# Homework 2 - Considering Bias in Data

### Step 1: Getting the data

In [106]:
## import statements
import pandas as pd
import json, time, urllib.parse
import requests

import aiohttp
import asyncio

In [107]:
#fetching the data
us_cities_by_state = pd.read_csv('data/us_cities_by_state_SEPT.2023.csv')
#state_populations = pd.read_excel('data/NST-EST2022-POP.xlsx')
#region_reference = pd.read_excel("data/US States by Region - US Census Bureau.xlsx")


In [108]:
# print(f"Getting page info data for: {ARTICLE_TITLES[3]}")
# info = request_pageinfo_per_article(ARTICLE_TITLES[3])
# print(json.dumps(info,indent=4))

#### Cleaning up the dataframe

In [109]:
## inconsistencies with the state list

# Dropping duplicates
us_cities_by_state.drop_duplicates(inplace=True, ignore_index=True)


In [110]:
#checking to see if we missed any unwanted entries
a = list(us_cities_by_state.page_title)
b = {}
c = set()

for state in a:
    if state in b:
        c.add(state)
    else:
        b[state] = 1
us_cities_by_state[us_cities_by_state['page_title'].isin(c)]
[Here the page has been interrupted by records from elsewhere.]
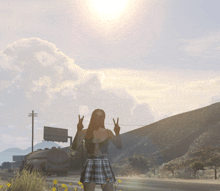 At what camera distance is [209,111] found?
86.9 metres

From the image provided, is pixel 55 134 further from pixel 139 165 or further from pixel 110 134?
pixel 110 134

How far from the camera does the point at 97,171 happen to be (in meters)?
5.56

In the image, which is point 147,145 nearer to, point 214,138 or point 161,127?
point 161,127

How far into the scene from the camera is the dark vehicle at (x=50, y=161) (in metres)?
30.8

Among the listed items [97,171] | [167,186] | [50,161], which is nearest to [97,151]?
[97,171]

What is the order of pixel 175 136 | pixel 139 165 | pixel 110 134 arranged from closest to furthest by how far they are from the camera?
pixel 110 134 → pixel 139 165 → pixel 175 136

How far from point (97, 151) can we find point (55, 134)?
6857cm

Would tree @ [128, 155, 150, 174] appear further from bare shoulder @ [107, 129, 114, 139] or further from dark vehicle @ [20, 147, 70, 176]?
bare shoulder @ [107, 129, 114, 139]

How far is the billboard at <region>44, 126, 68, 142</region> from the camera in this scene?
233 ft

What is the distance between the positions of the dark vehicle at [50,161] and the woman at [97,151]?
2616 centimetres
Unnamed: 0,state,page_title,url
1683,Colorado,2020 United States census,https://en.wikipedia.org/wiki/2020_United_Stat...
1684,Colorado,2010 United States census,https://en.wikipedia.org/wiki/2010_United_Stat...
2030,Florida,County (United States),https://en.wikipedia.org/wiki/County_(United_S...
5196,Iowa,County (United States),https://en.wikipedia.org/wiki/County_(United_S...
12947,New_York,Population,https://en.wikipedia.org/wiki/Population
18433,Tennessee,County (United States),https://en.wikipedia.org/wiki/County_(United_S...
18780,Texas,Population,https://en.wikipedia.org/wiki/Population
18781,Texas,2020 United States census,https://en.wikipedia.org/wiki/2020_United_Stat...
18782,Texas,2010 United States census,https://en.wikipedia.org/wiki/2010_United_Stat...
21234,Wisconsin,County (United States),https://en.wikipedia.org/wiki/County_(United_S...


We now need to remove these rows from the original dataframe

In [111]:
us_cities_by_state.drop(us_cities_by_state[us_cities_by_state['page_title'].isin(c)].index, inplace=True)


In [112]:
us_cities_by_state

Unnamed: 0,state,page_title,url
0,Alabama,"Abbeville, Alabama","https://en.wikipedia.org/wiki/Abbeville,_Alabama"
1,Alabama,"Adamsville, Alabama","https://en.wikipedia.org/wiki/Adamsville,_Alabama"
2,Alabama,"Addison, Alabama","https://en.wikipedia.org/wiki/Addison,_Alabama"
3,Alabama,"Akron, Alabama","https://en.wikipedia.org/wiki/Akron,_Alabama"
4,Alabama,"Alabaster, Alabama","https://en.wikipedia.org/wiki/Alabaster,_Alabama"
...,...,...,...
21520,Wyoming,"Wamsutter, Wyoming","https://en.wikipedia.org/wiki/Wamsutter,_Wyoming"
21521,Wyoming,"Wheatland, Wyoming","https://en.wikipedia.org/wiki/Wheatland,_Wyoming"
21522,Wyoming,"Worland, Wyoming","https://en.wikipedia.org/wiki/Worland,_Wyoming"
21523,Wyoming,"Wright, Wyoming","https://en.wikipedia.org/wiki/Wright,_Wyoming"


### Step 2: Getting last revision id for an article



In [113]:

### Define constants
API_ENWIKIPEDIA_ENDPOINT = "https://en.wikipedia.org/w/api.php"
API_THROTTLE_WAIT = 0.1

# Define other constants and variables
REQUEST_HEADERS = {
    'User-Agent': '<aadi2000@uw.edu>, University of Washington, MSDS DATA 512 - AUTUMN 2023',
}

PAGEINFO_EXTENDED_PROPERTIES = "talkid|url|watched|watchers"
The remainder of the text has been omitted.